Records provided:
==========
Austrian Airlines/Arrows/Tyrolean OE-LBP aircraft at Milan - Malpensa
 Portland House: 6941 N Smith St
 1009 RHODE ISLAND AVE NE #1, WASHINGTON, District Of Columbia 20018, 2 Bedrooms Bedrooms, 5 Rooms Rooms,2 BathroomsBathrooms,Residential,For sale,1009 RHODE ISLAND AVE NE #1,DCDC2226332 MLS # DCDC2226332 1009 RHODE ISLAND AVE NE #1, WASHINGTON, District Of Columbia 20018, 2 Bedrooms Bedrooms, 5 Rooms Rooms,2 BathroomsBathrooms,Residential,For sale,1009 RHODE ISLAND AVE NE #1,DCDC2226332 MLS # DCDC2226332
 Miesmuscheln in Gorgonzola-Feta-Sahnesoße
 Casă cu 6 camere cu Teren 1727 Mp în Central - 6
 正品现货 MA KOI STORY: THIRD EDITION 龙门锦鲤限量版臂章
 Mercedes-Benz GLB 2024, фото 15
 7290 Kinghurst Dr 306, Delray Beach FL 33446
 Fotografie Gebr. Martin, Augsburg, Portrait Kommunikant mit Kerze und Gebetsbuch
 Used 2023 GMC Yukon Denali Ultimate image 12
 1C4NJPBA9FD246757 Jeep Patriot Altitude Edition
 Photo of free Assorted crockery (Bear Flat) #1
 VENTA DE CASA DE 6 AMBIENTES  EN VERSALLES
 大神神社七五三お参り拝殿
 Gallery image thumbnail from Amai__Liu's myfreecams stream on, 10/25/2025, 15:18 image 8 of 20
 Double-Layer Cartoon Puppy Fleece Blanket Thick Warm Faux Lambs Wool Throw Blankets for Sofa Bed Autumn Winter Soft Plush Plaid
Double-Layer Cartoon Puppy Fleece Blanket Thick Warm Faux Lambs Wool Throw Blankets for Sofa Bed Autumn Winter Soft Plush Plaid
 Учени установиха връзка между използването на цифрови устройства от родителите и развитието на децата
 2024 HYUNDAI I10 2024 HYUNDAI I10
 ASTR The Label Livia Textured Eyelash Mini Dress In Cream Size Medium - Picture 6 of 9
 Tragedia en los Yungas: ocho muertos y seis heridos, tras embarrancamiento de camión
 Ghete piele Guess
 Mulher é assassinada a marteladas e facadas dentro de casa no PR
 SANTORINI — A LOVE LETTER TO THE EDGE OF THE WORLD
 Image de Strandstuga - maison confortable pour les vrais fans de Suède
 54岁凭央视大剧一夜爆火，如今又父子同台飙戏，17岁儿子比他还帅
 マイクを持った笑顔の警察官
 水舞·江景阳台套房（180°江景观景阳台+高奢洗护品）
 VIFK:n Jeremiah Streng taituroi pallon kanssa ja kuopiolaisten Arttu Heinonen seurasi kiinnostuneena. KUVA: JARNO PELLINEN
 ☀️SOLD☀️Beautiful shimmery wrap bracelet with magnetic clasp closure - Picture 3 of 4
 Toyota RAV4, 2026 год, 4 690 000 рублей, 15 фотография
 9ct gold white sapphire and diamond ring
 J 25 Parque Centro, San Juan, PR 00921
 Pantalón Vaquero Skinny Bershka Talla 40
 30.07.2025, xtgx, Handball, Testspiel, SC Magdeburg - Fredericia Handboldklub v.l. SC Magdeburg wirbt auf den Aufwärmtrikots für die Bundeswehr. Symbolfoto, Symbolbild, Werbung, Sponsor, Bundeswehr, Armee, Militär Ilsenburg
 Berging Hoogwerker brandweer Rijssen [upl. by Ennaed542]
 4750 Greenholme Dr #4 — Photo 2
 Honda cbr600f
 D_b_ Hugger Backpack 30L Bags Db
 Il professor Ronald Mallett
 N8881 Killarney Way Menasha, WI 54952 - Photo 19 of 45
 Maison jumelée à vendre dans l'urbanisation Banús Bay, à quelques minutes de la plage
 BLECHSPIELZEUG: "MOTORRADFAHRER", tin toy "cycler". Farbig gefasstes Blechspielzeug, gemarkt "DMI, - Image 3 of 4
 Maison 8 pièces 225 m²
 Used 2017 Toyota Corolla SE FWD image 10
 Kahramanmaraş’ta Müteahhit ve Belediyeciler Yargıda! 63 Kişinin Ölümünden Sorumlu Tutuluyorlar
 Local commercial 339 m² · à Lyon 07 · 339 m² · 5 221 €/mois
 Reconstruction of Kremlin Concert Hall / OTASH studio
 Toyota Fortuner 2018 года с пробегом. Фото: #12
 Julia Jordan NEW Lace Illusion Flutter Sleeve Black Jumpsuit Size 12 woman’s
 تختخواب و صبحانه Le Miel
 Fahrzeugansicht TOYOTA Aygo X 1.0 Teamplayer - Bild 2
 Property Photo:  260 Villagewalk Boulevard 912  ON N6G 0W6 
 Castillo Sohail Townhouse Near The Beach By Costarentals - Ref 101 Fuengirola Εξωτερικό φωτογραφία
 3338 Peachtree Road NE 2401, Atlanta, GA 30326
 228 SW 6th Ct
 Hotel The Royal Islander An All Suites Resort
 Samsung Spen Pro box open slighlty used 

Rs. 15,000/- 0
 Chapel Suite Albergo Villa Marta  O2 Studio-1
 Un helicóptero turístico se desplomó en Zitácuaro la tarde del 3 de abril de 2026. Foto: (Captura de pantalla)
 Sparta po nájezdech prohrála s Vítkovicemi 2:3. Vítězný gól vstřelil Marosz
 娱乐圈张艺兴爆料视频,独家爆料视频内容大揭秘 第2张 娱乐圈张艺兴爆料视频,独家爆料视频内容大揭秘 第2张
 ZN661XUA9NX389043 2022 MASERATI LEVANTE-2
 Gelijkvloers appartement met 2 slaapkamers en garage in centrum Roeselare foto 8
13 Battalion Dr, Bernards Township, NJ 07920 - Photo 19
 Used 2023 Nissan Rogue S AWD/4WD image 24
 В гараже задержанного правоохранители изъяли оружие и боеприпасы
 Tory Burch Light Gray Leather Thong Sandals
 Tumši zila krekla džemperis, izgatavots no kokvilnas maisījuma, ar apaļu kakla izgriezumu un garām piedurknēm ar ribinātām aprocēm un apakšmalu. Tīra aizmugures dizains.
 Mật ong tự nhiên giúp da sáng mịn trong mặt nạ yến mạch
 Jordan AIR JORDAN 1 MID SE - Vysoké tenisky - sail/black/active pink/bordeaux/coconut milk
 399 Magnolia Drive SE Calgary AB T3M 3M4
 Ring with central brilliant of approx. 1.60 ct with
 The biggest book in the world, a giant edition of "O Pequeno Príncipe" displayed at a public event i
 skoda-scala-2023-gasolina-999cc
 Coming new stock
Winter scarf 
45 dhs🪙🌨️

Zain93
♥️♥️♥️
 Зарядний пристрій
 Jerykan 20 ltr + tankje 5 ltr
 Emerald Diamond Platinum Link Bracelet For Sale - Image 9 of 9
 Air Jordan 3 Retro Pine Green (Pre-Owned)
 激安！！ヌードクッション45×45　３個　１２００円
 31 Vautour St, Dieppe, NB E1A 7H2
==========
Task description:
Filter the listing down to the lines holding the word "Picture", and return those.

Answer to this problem:
 ASTR The Label Livia Textured Eyelash Mini Dress In Cream Size Medium - Picture 6 of 9
 ☀️SOLD☀️Beautiful shimmery wrap bracelet with magnetic clasp closure - Picture 3 of 4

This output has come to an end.